1970年代後半に家庭用ビデオデッキが登場してから、およそ30年。長い間、記録メディアの主流だったビデオテープは、DVDに取って代わられ、さらにブルーレイへと移行の雰囲気。


でも過去に残してきたビデオテープもある。大好きなテレビ番組、わが子の成長記録、人には言えない○○……など、家のどっかに眠らせてる人も多いはず。

そんなビデオテープ、家のどこに保存してますか?
そして、最近中身を見ましたか?

僕は最近、部屋の物を減らそうと、98年のサッカーW杯のビデオテープを、すべてDVDに録画し直した。W杯から約10年、テープによってはノイズが入ってたり、映像がブルブル揺れてたりと、画質が劣化。保存状態が悪かったせいで、寿命が縮んでしまった。カビが生えてるテープもあった。


こうならないためには、どうしたらいいんだろう? 社団法人日本記録メディア工業会に聞いた。
「テープをすべて巻き戻し、ケースに入れ、縦に立てて保存してください。

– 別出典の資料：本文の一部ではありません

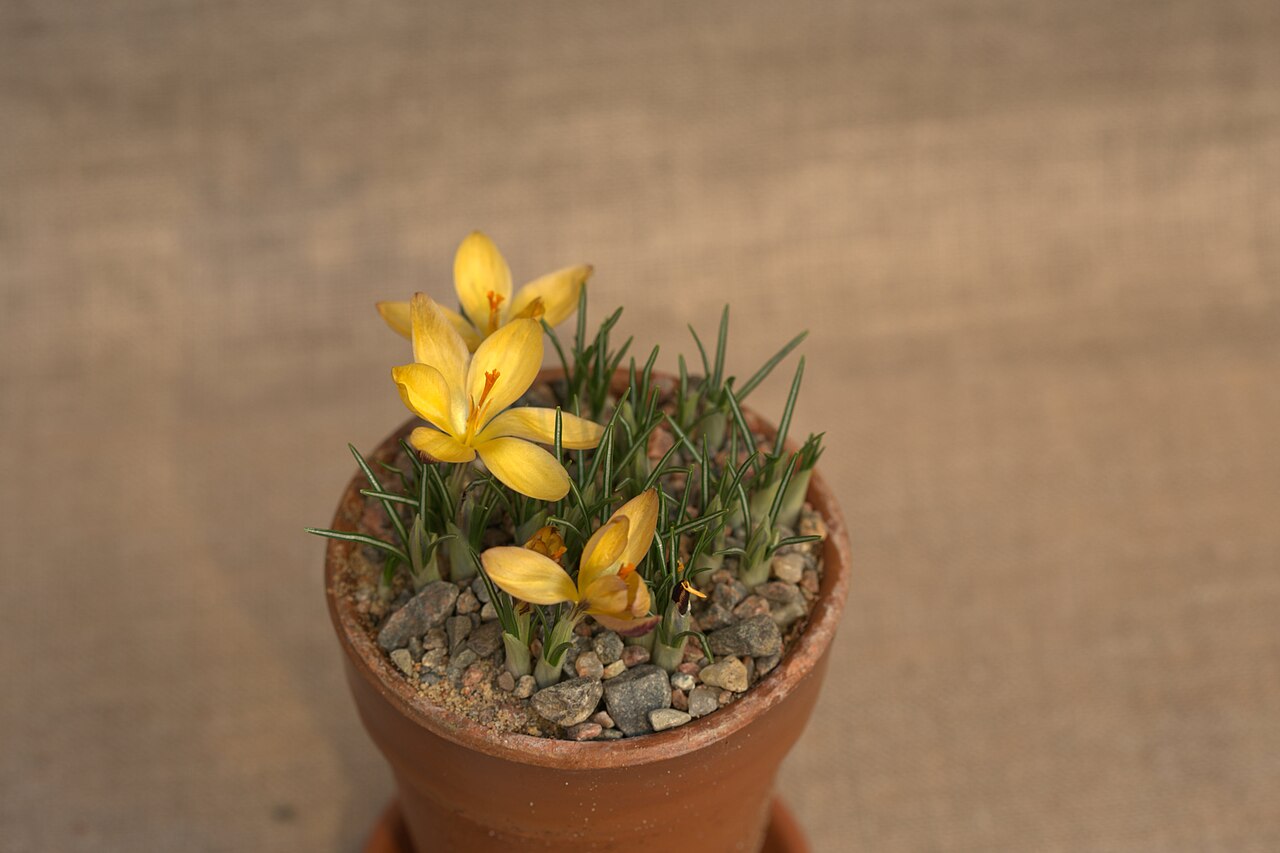 Cloth of gold: Crocus angustifolius 'Bronze Form' at a Crocus exhibition in the greenhouses at Gothenburg Botanical Garden the spring 2016.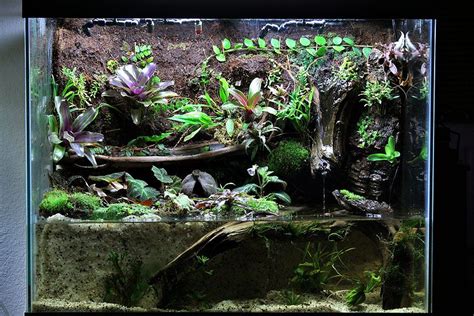 Paludarium Aquarium For Sale - Paludarium 2021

このとき、テープが巻かれてある方を下にすると、なおいいでしょう。また、温度は15〜25度、湿度は40〜60%が最適です。人間の住みやすい環境が、そのままビデオテープにとってもいい環境なんです」
メンテナンス方法は何かある?
「1年に1度は、早送りと巻き戻しをして空気に触れさせたいですね。長い間巻いたままにしておくと、温度や湿度の変化でテープが歪むことがあります。
衣類の虫干しのようなもので、カビの予防にも役立ちますよ」
そうなんだ……擦れちゃうかと思って動かさないでいた……。

ビデオテープの寿命は、適正な温度・湿度で30年前後とされている。もちろん、もっと寿命の長いテープもいっぱいある。ただ、ダンボールに重ねて入れてたり、気温の変化が激しい物置に放置していたら、10年未満でも画質は悪くなることがある。
劣化がまだ許容範囲なら、ホントの寿命がくる前に、DVDに保存するなり、ハードディスクに入れるなり、早めに処置しておきたい。

最後に、画質が悪くなったとき、復活させる方法を聞いた。

「復活する保証はないですが……テープの汚れやカビを、デッキの磁気ヘッドが掻き集めてしまって、画質が悪くなる場合があります。なので、画質が悪いと思ったら、とりあえずクリーンテープ(ヘッドクリーナー)を走らせてみてください。それだけでも違うことがあります。もし、それでも改善しない場合は、メーカーに相談した方がいいでしょう」

また他にも、テープが切れた、張り付いてしまったなど、解体の“手術”が必要な場合は、メーカーに相談するのが確実。メーカーのサポートセンターに相談すると、そのメーカーや委託している会社などで、有料の補修をしてくれる。大事なテープだったらば、そんな方法をとった方がいい。


快適な環境と適度な運動が、ビデオテープ長生きの秘訣。
眠ってるテープがある人は、今すぐにでも引っ張り出して、健康状態を確認してあげてください。